Understanding Workload Priority and Preemption¶
Preemption ensures that higher-priority workloads can acquire resources even if lower-priority workloads are already using them. In this simple demonstration, you will create two Projects with different priority levels and observe how a running medium-priority workload is paused when a higher-priority workload starts—and how it automatically resumes once the higher-priority job finishes.
PreRequsites¶
- A Node Group with a single GPU that will be used by workloads in the two Projects, one at a time.
- At least one non-admin user exists. Create a new local user if required.
1. Create Two Projects with Different Priorities¶
- Open the Projects Dashboard
- Login to the MemVerge.ai UI as a Platform Administrator.
- Select Projects from the left navigation bar.
- Click + Create Project to add your first Project
- Complete the required fields. See Managing Projects for more information.
- Assign Priority
- In the Priority field, choose Medium for this first Project.

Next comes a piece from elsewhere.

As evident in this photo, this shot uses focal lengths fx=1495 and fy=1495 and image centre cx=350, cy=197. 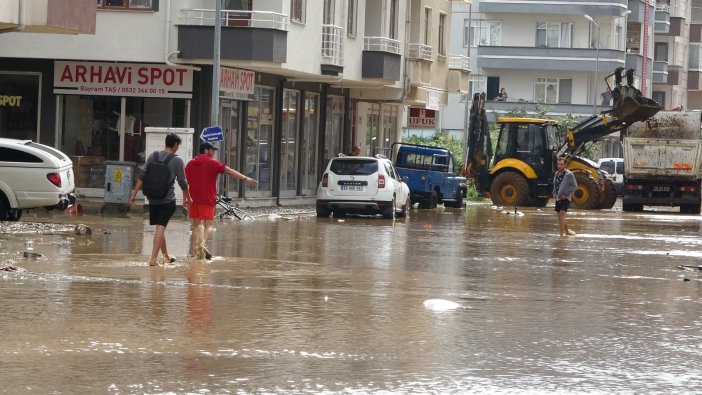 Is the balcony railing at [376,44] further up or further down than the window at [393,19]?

- Create the Second Project
- Repeat the process for a second Project (e.g., high-priority-project).
- Set the Priority to High or Highest.
2. Assign the Same User to Both Projects¶
There are two methods to assign users to a project:
Method 1:
- Go to Users & Authentication → Users.
- Click on the username that will run both workloads. The user details page will open.
- Click + Add to Project
- Select each newly created Project (medium priority, high priority) from the dropdown.
- Click Confirm
- Repeat Step 3 so the user has permissions to create Workspaces in both Projects.
Method 2:
- Navigate to Projects
- Click the Name of the project to see the project details
- Navigate to the Members tab
- Click + Add Members
- Search or select the user
- Click Confirm
3. Login as the User¶
- Logout of the AI Platform as the Platform Admin
- Login as the user
4. Prepare a Storage Volume¶
- Create or Use an Existing Volume
- From Storage → Volumes, choose + New Volume.
- Enter a name and allocate size for your AI workloads (e.g.,
ml-training-vol
). - This volume can be used by both Projects if attached to each Workspace configuration.

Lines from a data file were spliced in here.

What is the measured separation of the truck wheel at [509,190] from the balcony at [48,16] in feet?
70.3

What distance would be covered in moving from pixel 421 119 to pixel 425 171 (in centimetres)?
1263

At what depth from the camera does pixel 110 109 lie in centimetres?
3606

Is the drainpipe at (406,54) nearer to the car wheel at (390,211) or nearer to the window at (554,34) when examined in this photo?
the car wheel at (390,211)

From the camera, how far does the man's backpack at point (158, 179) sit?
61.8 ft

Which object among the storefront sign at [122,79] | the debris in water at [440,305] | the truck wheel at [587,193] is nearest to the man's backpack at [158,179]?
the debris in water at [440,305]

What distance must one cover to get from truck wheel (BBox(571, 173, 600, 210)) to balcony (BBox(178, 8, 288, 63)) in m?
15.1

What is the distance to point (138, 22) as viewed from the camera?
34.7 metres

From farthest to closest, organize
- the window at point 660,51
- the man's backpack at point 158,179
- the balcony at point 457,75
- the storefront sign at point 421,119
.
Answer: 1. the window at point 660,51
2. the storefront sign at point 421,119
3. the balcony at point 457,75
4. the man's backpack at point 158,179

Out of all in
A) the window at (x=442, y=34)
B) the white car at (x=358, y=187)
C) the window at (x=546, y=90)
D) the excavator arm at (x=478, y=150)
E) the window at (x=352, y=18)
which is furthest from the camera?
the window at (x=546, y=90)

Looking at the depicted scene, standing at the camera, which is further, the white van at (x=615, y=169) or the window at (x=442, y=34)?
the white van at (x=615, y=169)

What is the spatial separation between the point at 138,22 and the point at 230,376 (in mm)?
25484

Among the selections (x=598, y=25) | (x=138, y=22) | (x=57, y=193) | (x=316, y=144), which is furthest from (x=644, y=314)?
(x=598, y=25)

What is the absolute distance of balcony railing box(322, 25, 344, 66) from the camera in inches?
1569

5. Create and Start a Workspace in the Medium-Priority Project¶
- Select the Medium Project
- In the Projects dashboard, find medium-priority-project.
- Create a Workspace
- Click + Create Workspace. Assign the new workspace to the medium-priority-project.

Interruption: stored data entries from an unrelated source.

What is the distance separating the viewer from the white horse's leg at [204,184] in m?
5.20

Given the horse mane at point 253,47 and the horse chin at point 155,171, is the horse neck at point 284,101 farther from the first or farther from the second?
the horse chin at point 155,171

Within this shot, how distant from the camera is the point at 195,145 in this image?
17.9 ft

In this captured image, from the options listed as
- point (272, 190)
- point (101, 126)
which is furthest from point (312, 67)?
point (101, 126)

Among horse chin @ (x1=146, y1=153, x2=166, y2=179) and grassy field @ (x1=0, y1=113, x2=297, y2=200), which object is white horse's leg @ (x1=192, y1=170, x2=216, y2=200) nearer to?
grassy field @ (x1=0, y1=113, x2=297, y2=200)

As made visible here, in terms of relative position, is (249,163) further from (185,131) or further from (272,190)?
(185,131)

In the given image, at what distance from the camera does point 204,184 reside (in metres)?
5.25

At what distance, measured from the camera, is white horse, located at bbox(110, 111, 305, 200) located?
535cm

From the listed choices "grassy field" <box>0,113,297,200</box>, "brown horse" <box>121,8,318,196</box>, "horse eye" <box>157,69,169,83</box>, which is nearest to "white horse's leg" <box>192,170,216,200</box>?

- Attach the ml-training-vol if needed for your workload’s data.
- Launch the Workspace
- Wait for it to reach a Running or Ready state.
5. Create and Start a Workspace in the High-Priority Project¶
- Switch Projects
- In Projects, find high-priority-project.
- Create a Workspace
- Similar steps as above: + Create Workspace, attach any required volume (can be the same or a new one).
- Observe Preemption
- Upon launching this high-priority workspace, the platform will pause (preempt) the medium-priority workspace’s job if the cluster resources are insufficient to run both simultaneously.
- The medium-priority workspace status transitions to Preempted or NotReady, indicating it has been paused.
6. Stopping the High-Priority Workload¶
- Stop the High-Priority Workspace
- In the Workspaces dashboard, locate the workspace running under high-priority-project.
- Click Stop, then confirm in the popup dialog.
- Automatic Resume
- Once the high-priority workload fully stops, the platform detects freed resources.
- The medium-priority workspace automatically resumes from its preemption state.
7. Confirm the Medium-Priority Workspace Has Resumed¶
- Check Status
- Refresh the Workspaces dashboard. The medium-priority workspace should revert from Preempted or NotReady back to Running or Ready.
- Verify Workload Progress
- Connect to the resumed workspace (if interactive) or check logs to ensure the job continues from where it left off.
Congratulations! You have successfully demonstrated a simple preemption scenario using two workloads in different priority Projects. This setup ensures mission-critical or time-sensitive jobs always have the necessary resources, while lower-priority jobs automatically pause and resume as availability changes.